Participants were randomized to receive low-dose (1500 mg/d; 100 mg protein per food) or high-dose (4500 mg/d; 300 mg protein per food) ADP101, or placebo. If they tolerated a single 5 mg dose, they continued daily medication for 2 weeks; the dose was increased every 2 weeks until week 38, then maintained through week 40. Participants discontinued treatment if they could not tolerate ≥ 50 mg.

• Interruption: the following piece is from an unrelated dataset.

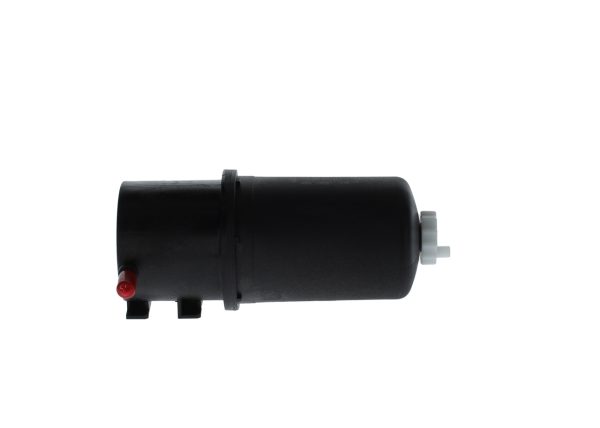 Filtru combustibil VW CRAFTER 30-50 caroserie (2E_) 2.0 TDI 4motion diesel 163 cai BOSCH F 026 402 853
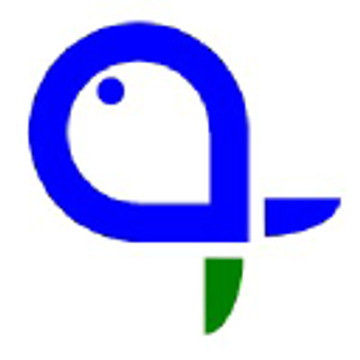 aquaPro2000 GmbH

Compared with placebo (20%), 55% of high-dose ADP101 participants tolerated a ≥600 mg challenge dose (P = .048), and 38.1% on low-dose ADP101 (P = .306) showed improvement. However, the trial did not meet its primary endpoint after multiple comparison adjustments (high dose, P = .097; low dose, P = .306). Among pediatric participants completing the Exit DBPCFC, 68.8% on high-dose ADP101 (P = .015) and 53.3% on low-dose ADP101 (P = .144) responded to treatment, versus 23.5% on placebo.

For secondary endpoints, 50% on high dose ADP101, 23.8% on low dose ADP101, and 15% on placebo tolerated a ≥ 1000 mg challenge dose. Among those allergic to ≥ 2 foods, 55.6% on the high dose and 22.2% on the low dose tolerated a ≥ 600 mg challenge dose; 44.4% on a high dose and 11.1% on low dose tolerated a ≥ 1000 mg of ≥ 2 qualifying foods.

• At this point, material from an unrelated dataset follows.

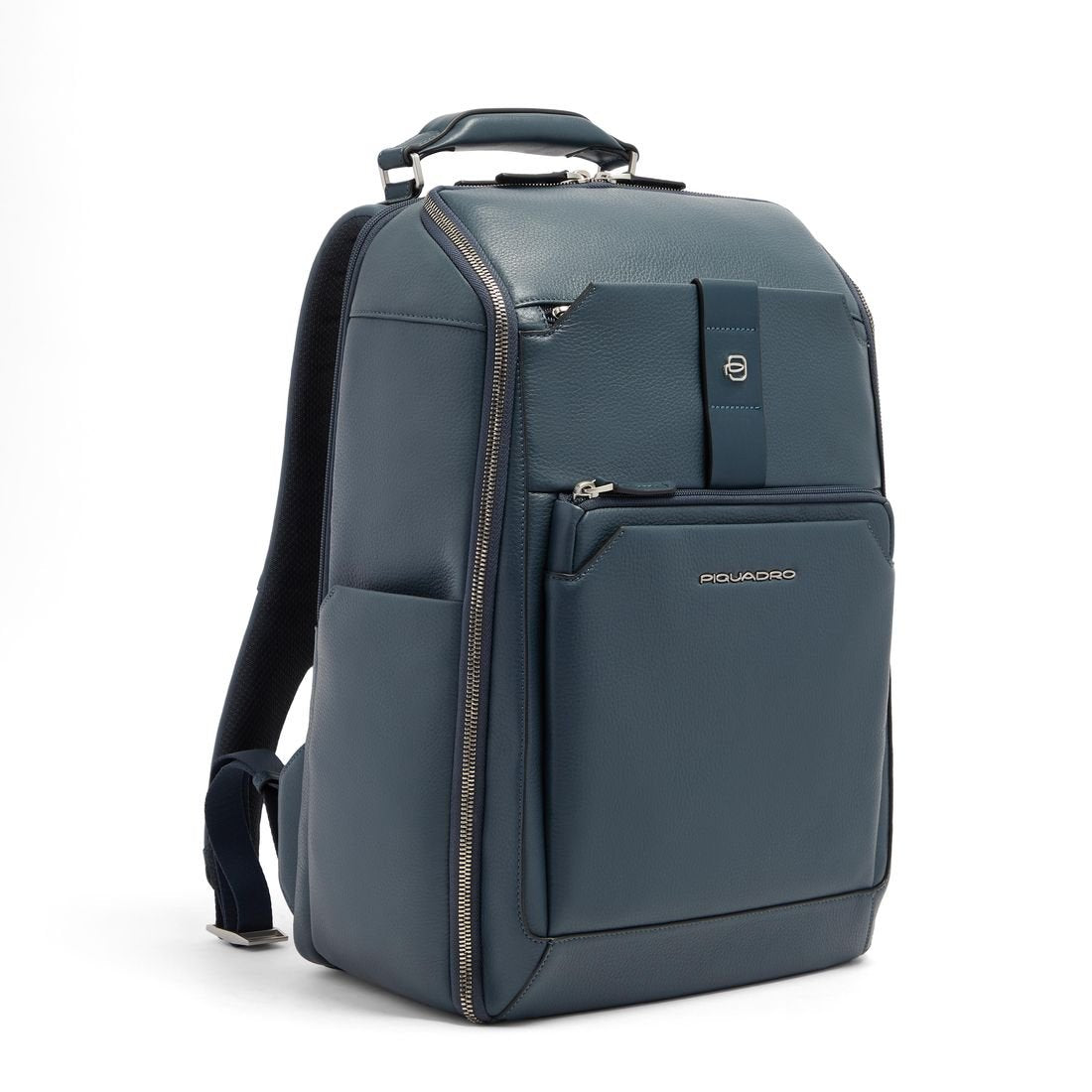 zaino porta pc15,6 CA7159W144 BLU PIQUADRO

Participants on ADP101 had reduced skin-prick test reactivity and increased maximum tolerated dose across most foods. Among those tolerating a ≥1500 mg maintenance dose, response rates increased to 58.1% (600 mg threshold) and 48.5% (1000 mg threshold). Of high-dose participants reaching the 4500 mg maintenance dose, 76.9% had a 600 mg desensitization threshold, and 69.2% reached 1000 mg, with similar results for those with multiple allergies.

Despite missing the primary endpoint, ADP101 demonstrated a favorable safety profile with most adverse events mild or moderate. Overall, 60% on placebo, 76.2% on low-dose ADP101, and 75% on high-dose ADP101 experienced ≥ 1 treatment-related adverse event.

“ADP101, an OIT candidate covering the 15 most prevalent food allergens, was well tolerated and increased the reactive threshold in pediatric participants with single or multiple food allergies, warranting its further investigation,” investigators concluded.

References

  1. Kim EH, Carr WW, Assa'ad AH, Gogate SU, Petroni DH, Casale TB, Wang ML, Sullivan A, Archer AM, Wang O, Piscia-Nichols C, Tuomi L, Levin-Young O, Dombkowski A, McClintock D; Harmony investigators. ADP101 multifood oral immunotherapy for food-allergic patients: Harmony phase 1/2 randomized clinical trial. J Allergy Clin Immunol Glob. 2024 Dec 10;4(1):100382. doi: 10.1016/j.jacig.2024.100382. PMID: 39896962; PMCID: PMC11786640.
  2. Allergy Facts. Asthma and Allergy Foundation of America. https://aafa.org/allergies/allergy-facts/#:~:text=As%20of%202021%2C%20about%2020,food%20allergies%20in%20the%20U.S.&text=About%2016%20million%20(6.2%25)%20U.S.%20adults%20have%20food%20allergies.&text=About%204%20million%20(5.8%25)%20U.S.%20children%20have%20food%20allergies. Accessed February 6, 2025.